As I pondered what success might look like if I could rise above the obstacles that threaten to capture me and hold me in place, I wondered what this might look like. What would I do, if I could fly? Then, on a conference call this week, the woman in charge challenged us to look at all the obstacles: all the people that are in our life or have been in our life, the jobs we have had, no matter how mundane they might seem, and even the creative endeavors and volunteer placements we have taken on, and look at all these as part of our training ground. Some will be fun, others challenging, and some might seem like they do not fit into our grand scheme of working towards that big, successful, creative possibility. She ended with a challenge, to dare to venture into the greatness of that call on our life, and what we still need to overcome – what fears or obstacles pull us back to the ground with a thud.
I believe that things work together to challenge me, to train and teach me, and this week exemplified it with the prompt and the conference call. It gave me pause to reflect on events, which I might consider unrelated, but are actually all part of learning the skills I need for the project yet to come; to dream of possibilities of success if I could but fly.
I look back at the many things I have already done from university classes to workshops, and yet I have learned more from life’s experiences than from most of the formal training. People have come into my life at just the right time, and spoken volumes through their stories and actions, whether to learn the hard way how to deal with the negative, or from their encouragement. I have been allowed a glimpse into cultures different than my own, circumstances I have not endured, and a look at their interests and passions.

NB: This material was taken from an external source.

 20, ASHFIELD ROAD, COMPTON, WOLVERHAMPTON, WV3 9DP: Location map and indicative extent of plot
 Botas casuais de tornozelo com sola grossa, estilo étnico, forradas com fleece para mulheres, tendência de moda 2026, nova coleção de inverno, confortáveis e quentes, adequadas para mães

The tough stuff of life has taught me lessons, allowed patience to begin to grow, and glimpses of hope to emerge so I can then walk with others on their tough journeys – not with all the answers, but simply as one who has walked it longer than they have. Life’s tough stuff has taught me to treasure the beauty in simple things, celebrate the small steps and know that the dark days will not last forever, even when they seem like they might. I will fly again.
As I reflect on these things, the ‘I wish I had done things differently’ threatens to escape and fill the page, but I must push it down and look at the positives to see where they might lead. I need to move past the excuses of not having the right initials after my name or not enough experience, and build on all the training I have received in my lifetime. Then I can soar above the regrets and see the possibilities.

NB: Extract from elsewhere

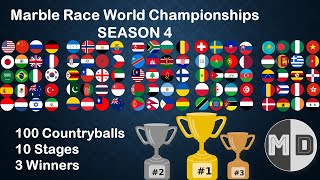 Marble Race of 100 Countryballs  Marble Race World Championship Season 4 [upl. by Ahsienal]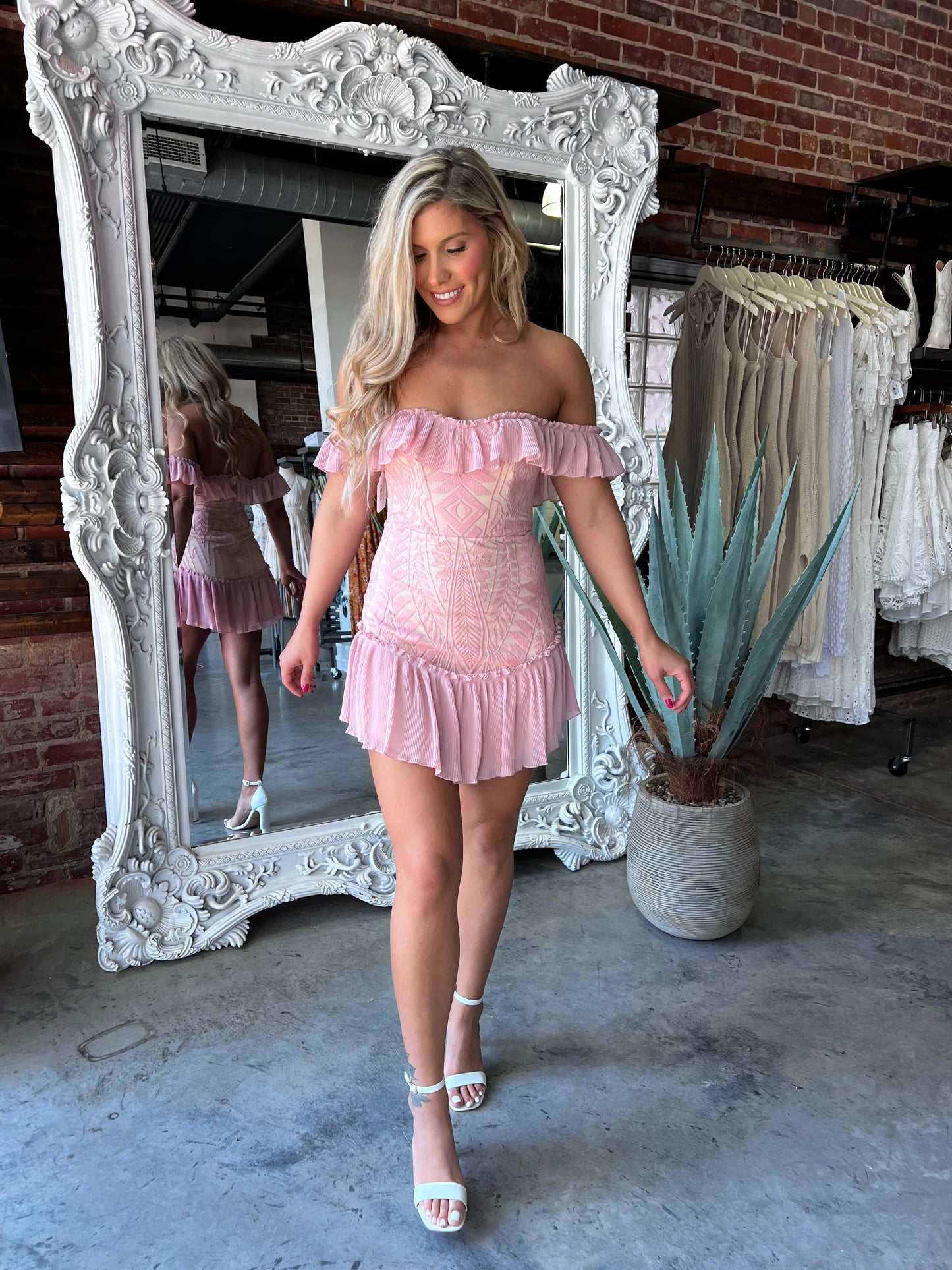Hope Mini Dress (Blush) FINAL SALE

When I allow my imagination to take wing, I see myself speaking more often and to larger groups about subjects like ‘Life’s Tough but There’s Hope’ or about ‘Communication and The Power of Story’ or about ‘The Courage to Include,’ for I know that I have something to offer to others which will encourage and challenge them to then share their stories of hope.
The storyteller in me escapes the confines of a lack of self-confidence, and the variety of stories grows, both in written and oral form. Success means I take on and complete the challenge my grandson threw my way, to go beyond writing non-fiction to a fiction book. I started the challenge, but doubts crept in and it lays incomplete, waiting for more revision. Flying would allow those revisions to be complete, edits done, and the book to become available to the public.
What grand venture waits for me as I fly above the obstacles, and incorporate the lifetime of training I have received? How will the puzzle pieces line up to for a beautiful picture?
I must grab hold of encouraging, affirming words and believe them to build the self-confidence. Then, I’ll soar into speaking to a variety of audiences and share stories to encourage, to teach, to mentor, and to entertain. I will publish articles, stories, and books rather than let them languish on my computer or as an idea flitting through my mind.